▶ [COLLECTED DATA]:
===

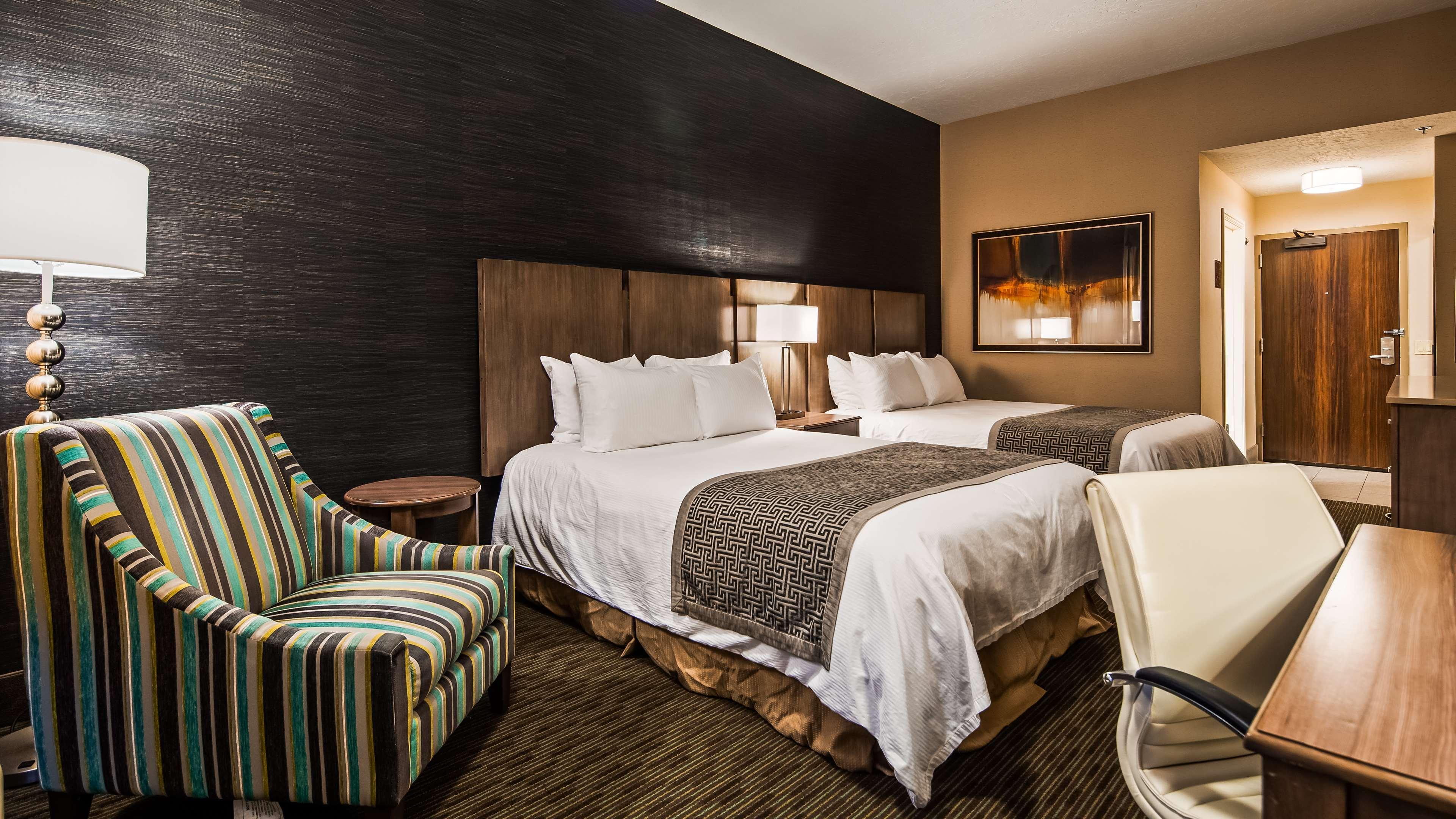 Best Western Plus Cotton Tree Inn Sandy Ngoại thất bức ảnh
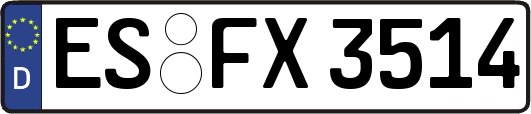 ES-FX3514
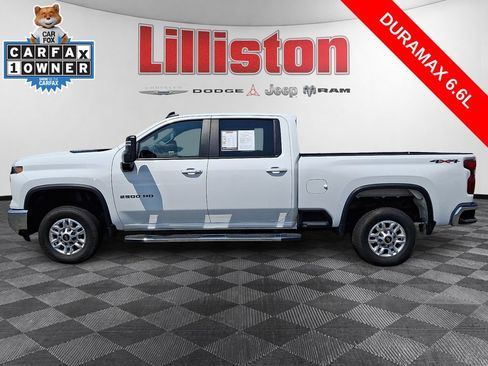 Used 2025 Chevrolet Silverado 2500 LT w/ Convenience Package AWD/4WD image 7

===

▶ [GOAL OF THE EXERCISE]: The material above must be reproduced line for line, with the images omitted.

▶ [SOLUTION TO THIS TASK]:
 Best Western Plus Cotton Tree Inn Sandy Ngoại thất bức ảnh
 ES-FX3514
 Used 2025 Chevrolet Silverado 2500 LT w/ Convenience Package AWD/4WD image 7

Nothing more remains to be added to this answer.